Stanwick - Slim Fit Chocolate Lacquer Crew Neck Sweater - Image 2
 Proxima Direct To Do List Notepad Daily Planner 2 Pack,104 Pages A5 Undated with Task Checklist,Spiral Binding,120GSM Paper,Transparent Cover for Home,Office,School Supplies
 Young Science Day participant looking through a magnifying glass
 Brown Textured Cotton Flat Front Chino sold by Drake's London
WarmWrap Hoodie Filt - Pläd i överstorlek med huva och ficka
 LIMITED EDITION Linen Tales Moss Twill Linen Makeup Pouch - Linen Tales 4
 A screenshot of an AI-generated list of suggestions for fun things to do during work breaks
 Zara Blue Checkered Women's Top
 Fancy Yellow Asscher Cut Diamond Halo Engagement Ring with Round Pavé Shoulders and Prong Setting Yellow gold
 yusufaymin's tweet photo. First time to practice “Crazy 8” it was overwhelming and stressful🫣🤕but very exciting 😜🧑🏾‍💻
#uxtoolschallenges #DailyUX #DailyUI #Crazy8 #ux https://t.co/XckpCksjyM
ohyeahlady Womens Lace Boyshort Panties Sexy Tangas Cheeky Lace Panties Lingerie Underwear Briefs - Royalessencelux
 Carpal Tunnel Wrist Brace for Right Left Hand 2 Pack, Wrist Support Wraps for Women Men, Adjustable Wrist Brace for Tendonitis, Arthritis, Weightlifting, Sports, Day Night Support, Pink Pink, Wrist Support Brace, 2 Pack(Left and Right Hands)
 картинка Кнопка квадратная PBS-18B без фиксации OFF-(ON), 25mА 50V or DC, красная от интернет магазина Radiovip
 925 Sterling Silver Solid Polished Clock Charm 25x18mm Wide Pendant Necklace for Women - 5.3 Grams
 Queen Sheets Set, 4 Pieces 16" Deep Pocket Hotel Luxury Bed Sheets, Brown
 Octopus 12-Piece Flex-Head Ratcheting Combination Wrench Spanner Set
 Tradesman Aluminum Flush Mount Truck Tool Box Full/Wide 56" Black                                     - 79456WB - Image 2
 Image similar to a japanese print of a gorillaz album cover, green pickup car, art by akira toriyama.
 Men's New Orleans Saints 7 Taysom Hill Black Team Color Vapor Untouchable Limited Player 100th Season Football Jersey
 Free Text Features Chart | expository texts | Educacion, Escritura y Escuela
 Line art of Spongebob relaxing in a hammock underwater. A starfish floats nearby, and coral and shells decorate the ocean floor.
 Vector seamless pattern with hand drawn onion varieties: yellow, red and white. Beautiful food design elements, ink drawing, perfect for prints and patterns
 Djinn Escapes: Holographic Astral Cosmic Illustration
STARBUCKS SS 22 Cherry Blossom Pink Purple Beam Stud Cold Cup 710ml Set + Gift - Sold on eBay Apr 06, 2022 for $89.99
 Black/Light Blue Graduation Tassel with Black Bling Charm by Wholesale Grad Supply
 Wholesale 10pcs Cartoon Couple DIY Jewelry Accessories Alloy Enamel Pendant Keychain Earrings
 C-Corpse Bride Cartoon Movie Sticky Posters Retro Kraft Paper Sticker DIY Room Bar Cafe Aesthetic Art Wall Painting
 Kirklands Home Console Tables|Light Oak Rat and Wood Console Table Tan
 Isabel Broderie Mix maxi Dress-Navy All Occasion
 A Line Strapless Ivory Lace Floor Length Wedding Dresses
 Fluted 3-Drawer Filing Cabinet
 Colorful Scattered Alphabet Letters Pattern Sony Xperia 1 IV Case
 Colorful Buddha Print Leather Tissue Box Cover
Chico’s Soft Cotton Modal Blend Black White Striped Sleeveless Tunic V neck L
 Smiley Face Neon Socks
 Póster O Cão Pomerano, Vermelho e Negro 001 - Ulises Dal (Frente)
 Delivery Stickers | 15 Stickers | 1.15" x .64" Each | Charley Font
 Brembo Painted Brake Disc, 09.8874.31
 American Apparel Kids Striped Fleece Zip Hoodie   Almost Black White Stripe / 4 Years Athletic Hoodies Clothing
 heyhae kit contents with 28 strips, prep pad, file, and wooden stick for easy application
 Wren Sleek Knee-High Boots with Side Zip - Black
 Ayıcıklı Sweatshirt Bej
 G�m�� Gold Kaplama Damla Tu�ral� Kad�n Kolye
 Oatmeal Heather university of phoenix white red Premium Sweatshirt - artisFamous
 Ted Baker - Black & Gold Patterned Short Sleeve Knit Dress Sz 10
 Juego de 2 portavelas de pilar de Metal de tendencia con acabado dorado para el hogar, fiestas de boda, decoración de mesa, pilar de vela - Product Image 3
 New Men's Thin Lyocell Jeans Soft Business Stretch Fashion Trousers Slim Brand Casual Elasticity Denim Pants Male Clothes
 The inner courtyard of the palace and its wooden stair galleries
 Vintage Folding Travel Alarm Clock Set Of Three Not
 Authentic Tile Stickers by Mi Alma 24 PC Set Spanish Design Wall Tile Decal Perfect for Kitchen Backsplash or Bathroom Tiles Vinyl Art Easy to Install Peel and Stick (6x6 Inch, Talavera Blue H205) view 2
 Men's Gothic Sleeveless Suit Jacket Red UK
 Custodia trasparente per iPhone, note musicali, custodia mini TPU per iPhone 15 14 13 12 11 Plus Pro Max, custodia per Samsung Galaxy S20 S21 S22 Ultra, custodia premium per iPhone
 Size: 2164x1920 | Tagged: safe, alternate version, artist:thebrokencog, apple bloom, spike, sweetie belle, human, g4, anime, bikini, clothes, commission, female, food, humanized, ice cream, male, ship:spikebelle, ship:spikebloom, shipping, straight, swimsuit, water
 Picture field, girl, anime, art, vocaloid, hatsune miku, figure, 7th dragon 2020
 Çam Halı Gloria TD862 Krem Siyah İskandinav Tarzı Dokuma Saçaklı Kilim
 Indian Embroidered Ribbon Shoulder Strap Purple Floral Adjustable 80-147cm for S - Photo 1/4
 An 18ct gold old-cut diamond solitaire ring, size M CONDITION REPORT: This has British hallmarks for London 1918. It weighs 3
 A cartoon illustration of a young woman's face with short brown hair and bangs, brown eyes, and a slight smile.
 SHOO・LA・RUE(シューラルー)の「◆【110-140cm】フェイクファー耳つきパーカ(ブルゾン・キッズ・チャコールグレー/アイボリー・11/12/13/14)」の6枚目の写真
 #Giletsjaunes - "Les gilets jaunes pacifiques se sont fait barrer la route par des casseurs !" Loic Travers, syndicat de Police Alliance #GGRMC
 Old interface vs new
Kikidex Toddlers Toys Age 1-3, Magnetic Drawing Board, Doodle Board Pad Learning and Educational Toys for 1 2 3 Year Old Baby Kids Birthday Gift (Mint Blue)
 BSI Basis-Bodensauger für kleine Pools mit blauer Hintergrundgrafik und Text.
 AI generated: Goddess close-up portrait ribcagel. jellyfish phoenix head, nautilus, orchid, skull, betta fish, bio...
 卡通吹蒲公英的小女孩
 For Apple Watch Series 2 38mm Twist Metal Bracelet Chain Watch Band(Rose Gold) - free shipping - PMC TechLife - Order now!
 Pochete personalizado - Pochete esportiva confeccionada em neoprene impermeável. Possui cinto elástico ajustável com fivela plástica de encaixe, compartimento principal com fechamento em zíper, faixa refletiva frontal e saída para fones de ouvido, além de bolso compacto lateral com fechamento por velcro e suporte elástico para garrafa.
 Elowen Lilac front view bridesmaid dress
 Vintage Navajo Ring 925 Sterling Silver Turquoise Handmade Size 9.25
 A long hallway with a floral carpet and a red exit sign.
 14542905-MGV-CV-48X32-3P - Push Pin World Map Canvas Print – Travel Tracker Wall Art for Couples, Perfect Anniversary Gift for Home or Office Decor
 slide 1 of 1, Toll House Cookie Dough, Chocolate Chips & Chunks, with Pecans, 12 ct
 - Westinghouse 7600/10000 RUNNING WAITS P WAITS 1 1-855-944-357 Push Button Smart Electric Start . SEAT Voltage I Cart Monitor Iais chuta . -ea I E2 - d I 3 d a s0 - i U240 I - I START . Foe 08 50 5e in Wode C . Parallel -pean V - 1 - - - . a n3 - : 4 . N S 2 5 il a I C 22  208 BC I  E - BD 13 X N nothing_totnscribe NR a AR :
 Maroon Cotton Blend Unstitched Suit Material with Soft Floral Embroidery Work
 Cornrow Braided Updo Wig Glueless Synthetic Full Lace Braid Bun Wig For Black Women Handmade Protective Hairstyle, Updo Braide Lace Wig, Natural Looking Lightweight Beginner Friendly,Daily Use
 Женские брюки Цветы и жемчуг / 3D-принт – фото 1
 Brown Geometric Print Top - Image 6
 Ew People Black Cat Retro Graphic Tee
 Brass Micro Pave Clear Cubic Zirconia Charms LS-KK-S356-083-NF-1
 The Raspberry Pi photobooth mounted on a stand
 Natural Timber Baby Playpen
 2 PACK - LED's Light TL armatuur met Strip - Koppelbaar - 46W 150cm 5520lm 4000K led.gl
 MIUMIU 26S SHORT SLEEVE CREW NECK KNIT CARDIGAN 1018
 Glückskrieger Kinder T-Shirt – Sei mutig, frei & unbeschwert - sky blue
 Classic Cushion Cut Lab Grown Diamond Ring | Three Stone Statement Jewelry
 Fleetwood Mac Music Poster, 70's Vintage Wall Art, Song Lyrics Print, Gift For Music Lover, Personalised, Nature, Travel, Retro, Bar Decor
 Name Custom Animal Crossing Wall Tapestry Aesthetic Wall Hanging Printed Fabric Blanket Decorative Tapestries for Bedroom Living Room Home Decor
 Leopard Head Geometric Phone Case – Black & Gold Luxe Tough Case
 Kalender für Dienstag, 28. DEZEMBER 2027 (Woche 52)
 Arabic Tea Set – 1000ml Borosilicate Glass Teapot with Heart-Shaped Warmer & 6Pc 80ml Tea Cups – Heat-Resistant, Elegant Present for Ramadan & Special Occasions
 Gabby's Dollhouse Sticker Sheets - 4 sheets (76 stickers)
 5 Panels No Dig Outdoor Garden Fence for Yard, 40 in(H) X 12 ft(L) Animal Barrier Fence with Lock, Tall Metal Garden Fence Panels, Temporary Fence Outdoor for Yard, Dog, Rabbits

__________________________________________________

* _What to do_
Give back exactly the lines from the beginning of the records through the line containing "Tradesman Aluminum Flush", and only those.

* _Result_
Stanwick - Slim Fit Chocolate Lacquer Crew Neck Sweater - Image 2
 Proxima Direct To Do List Notepad Daily Planner 2 Pack,104 Pages A5 Undated with Task Checklist,Spiral Binding,120GSM Paper,Transparent Cover for Home,Office,School Supplies
 Young Science Day participant looking through a magnifying glass
 Brown Textured Cotton Flat Front Chino sold by Drake's London
WarmWrap Hoodie Filt - Pläd i överstorlek med huva och ficka
 LIMITED EDITION Linen Tales Moss Twill Linen Makeup Pouch - Linen Tales 4
 A screenshot of an AI-generated list of suggestions for fun things to do during work breaks
 Zara Blue Checkered Women's Top
 Fancy Yellow Asscher Cut Diamond Halo Engagement Ring with Round Pavé Shoulders and Prong Setting Yellow gold
 yusufaymin's tweet photo. First time to practice “Crazy 8” it was overwhelming and stressful🫣🤕but very exciting 😜🧑🏾‍💻
#uxtoolschallenges #DailyUX #DailyUI #Crazy8 #ux https://t.co/XckpCksjyM
ohyeahlady Womens Lace Boyshort Panties Sexy Tangas Cheeky Lace Panties Lingerie Underwear Briefs - Royalessencelux
 Carpal Tunnel Wrist Brace for Right Left Hand 2 Pack, Wrist Support Wraps for Women Men, Adjustable Wrist Brace for Tendonitis, Arthritis, Weightlifting, Sports, Day Night Support, Pink Pink, Wrist Support Brace, 2 Pack(Left and Right Hands)
 картинка Кнопка квадратная PBS-18B без фиксации OFF-(ON), 25mА 50V or DC, красная от интернет магазина Radiovip
 925 Sterling Silver Solid Polished Clock Charm 25x18mm Wide Pendant Necklace for Women - 5.3 Grams
 Queen Sheets Set, 4 Pieces 16" Deep Pocket Hotel Luxury Bed Sheets, Brown
 Octopus 12-Piece Flex-Head Ratcheting Combination Wrench Spanner Set
 Tradesman Aluminum Flush Mount Truck Tool Box Full/Wide 56" Black                                     - 79456WB - Image 2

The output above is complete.